Pagina's

donderdag 24 juni 2010

Paspoort

-->
Het eindexamen HBS was een zware opgave, maar het lukte dat te halen. Zeer waarschijnlijk overigens dankzij de goede contacten die mijn arme ouders toentertijd met de Schepper van het Heelal onderhielden. Ik was een trage leerling en die traagheid gold niet alleen mijn schoolse leerprestaties, maar meer in het bijzonder word ik door die traagheid gehinderd bij het aanleren van zoiets elementairs als 'mildheid'. Die mildheid, die mij na ruim 56 jaar in dit Prachtland inmiddels ten deel zou moeten zijn gevallen, is mij nog steeds vreemd als ik het onlangs aangevraagde paspoort opensla en die tekst van weleer mis “Wordt als Nederlander behandeld op grond van de wet van 9 september 1976, houdende regelen omtrent de positie van in Nederland wonende Molukkers die niet het Nederlanderschap bezitten”. Het Nederlanderschap schijnt een bezit te zijn, waarmee men, eenmaal over de kostbaarheid beschikkend, allerlei aardige dingen kan doen, zoals stemmen op politieke partijen die het allerbeste met de Mensheid voor hebben, meer bepaald met het Hoogblonde deel van de bevolking. En dat doet inderdaad een veeltal van mijn landgenoten, want de Moslim moet immers over de kling gejaagd. (Die minderheid van katholieken onder ons in de jaren 50 verpletteren wilde niet echt lukken, waarschijnlijk omdat één van hen – Sergeant Leo 'Ik ben maar een Timorees' Wutun – er één van Raymond Westerling was en als zodanig een onaantastbaar icoon).
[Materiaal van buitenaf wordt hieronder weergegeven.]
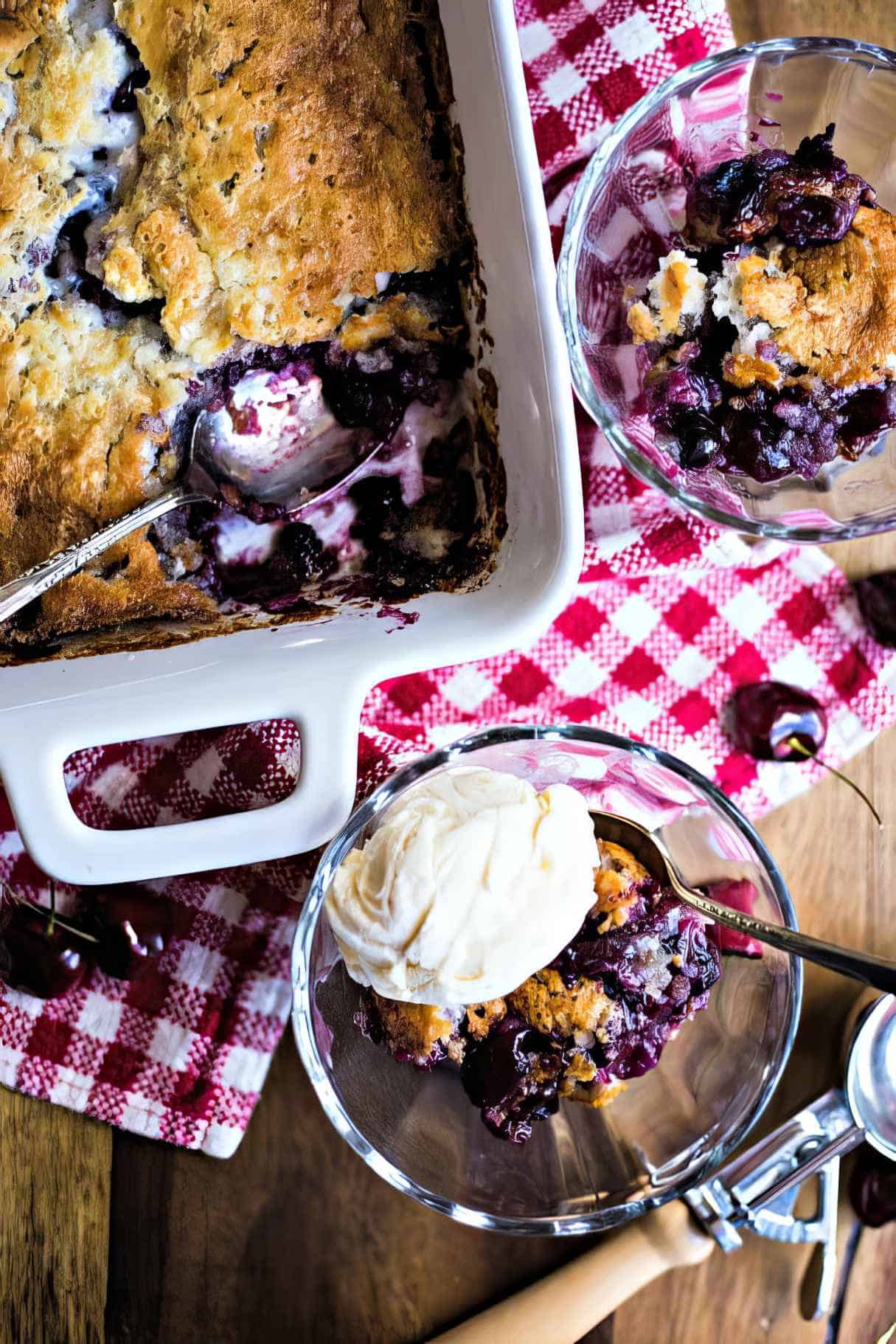 Cherry Cobbler with Vanilla Ice Cream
Zo bezien is een hekel hebben aan Hollanders een tamelijk overbodig sentiment, men kan de dagen vullen met ergernis koesteren jegens hen met wie men dacht vreugdevol de afkomst te delen. “Heb jij nou ook een Nederlands paspoort?” “Ja, ik heb een Nederlands paspoort, maar … godallejezus, laat ook maar.” Zo lang die aantekening in mijn paspoort stond was ik gehouden voor een retourtje Parijs een visum aan te vragen bij het Franse consulaat in Amsterdam, hetgeen de relatie met mijn toenmalige vrouw bijzonder verinnigde. “Wilt u een nummertje trekken, alstublieft meneer?” vroeg de madame achter de balie. Française als ze was, wierp ze de klemtoon niet op de eerste lettergreep van dat 'nummertje', maar benadrukte zij het 'trekken'. “Nou, dat wil ik wel hoor schat,” sprak mijn geliefde. Eens te meer bleek Parijs en De Liefde een goed gekozen combinatie. Maar het is niet Parijs waar ik het paspoort voor nodig heb, maar Porto op het voorouderlijk eiland Saparua. En dan leg ik mij maar neer bij de 'wetten' en de 'praktische bezwaren' van Willem Elsschot.